What is expected:
Give again, exactly and without pictures, the lines running from the line with "Paterson Scottish Clan Round Pin Badge" to the end of the records below.

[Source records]
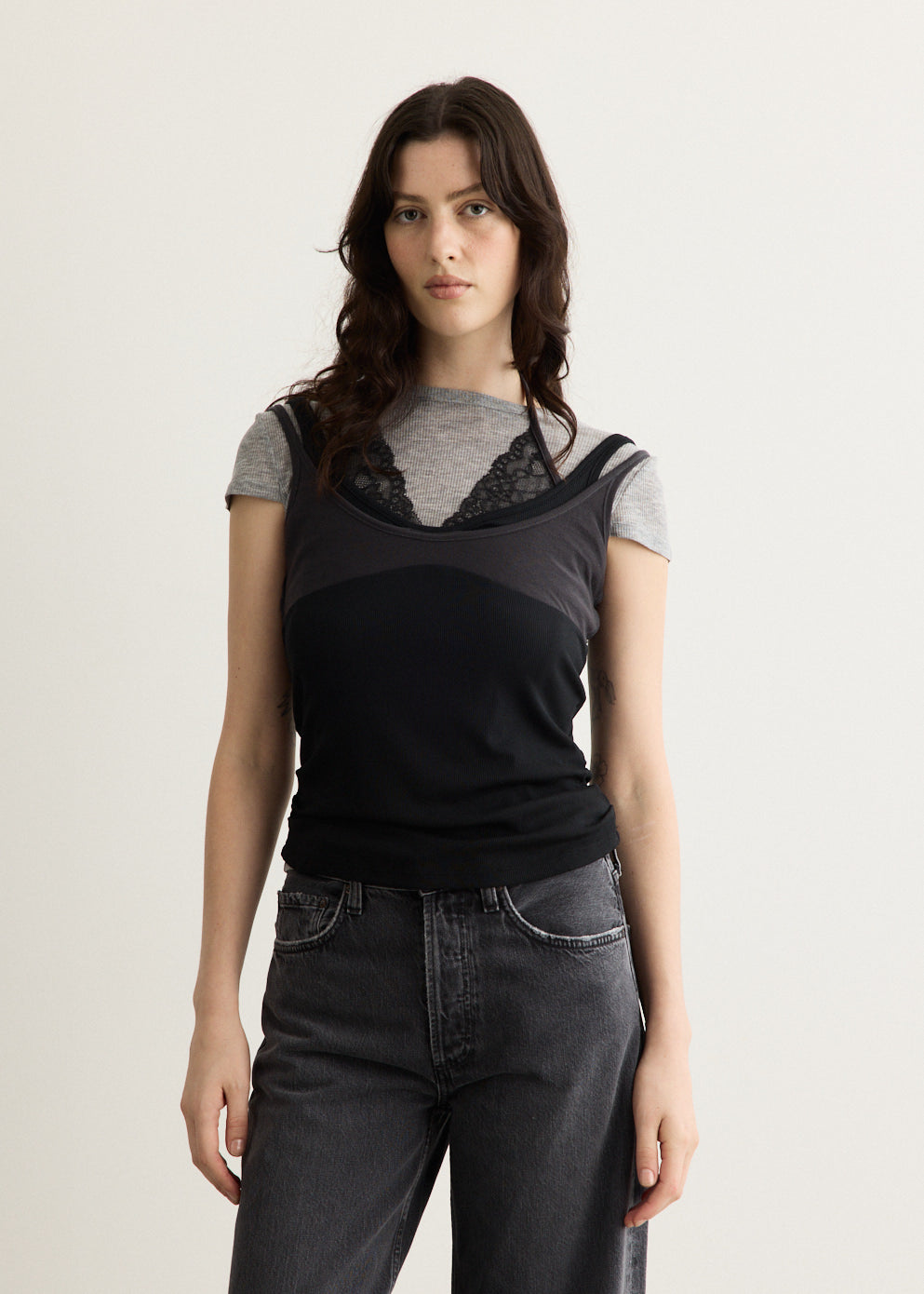 Upside-Down Layered T-Shirt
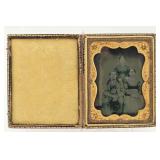 Ruby Glass Ambrotype Family Portrait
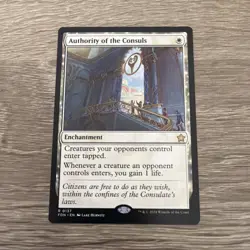 Authority of the Consuls ~ Foundations [ NearMint ] [ Magic MTG ] - Image 1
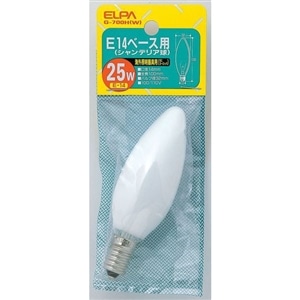 ELPA VfA E14x[Xp 25W E14 G-700H(W)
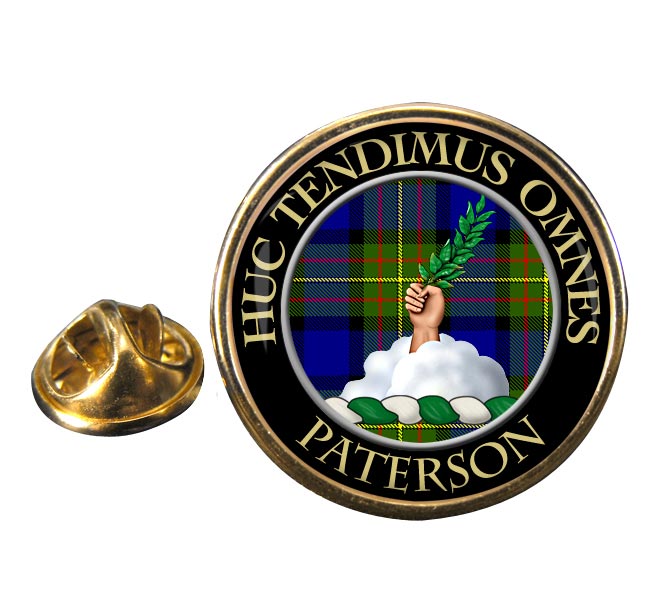 Paterson Scottish Clan Round Pin Badge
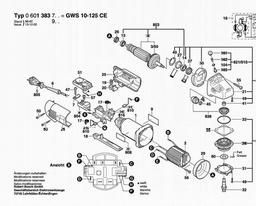 Bosch Angle Grinder GWS 10-125 CE spare parts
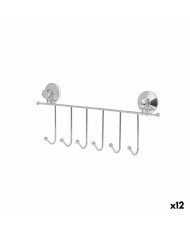 Appendiabiti per Porte Home ESPRIT Bianco Metallo Bambù 38,5 x 4,8 x 25,5 cm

Answer to this problem:
 Paterson Scottish Clan Round Pin Badge
 Bosch Angle Grinder GWS 10-125 CE spare parts
 Appendiabiti per Porte Home ESPRIT Bianco Metallo Bambù 38,5 x 4,8 x 25,5 cm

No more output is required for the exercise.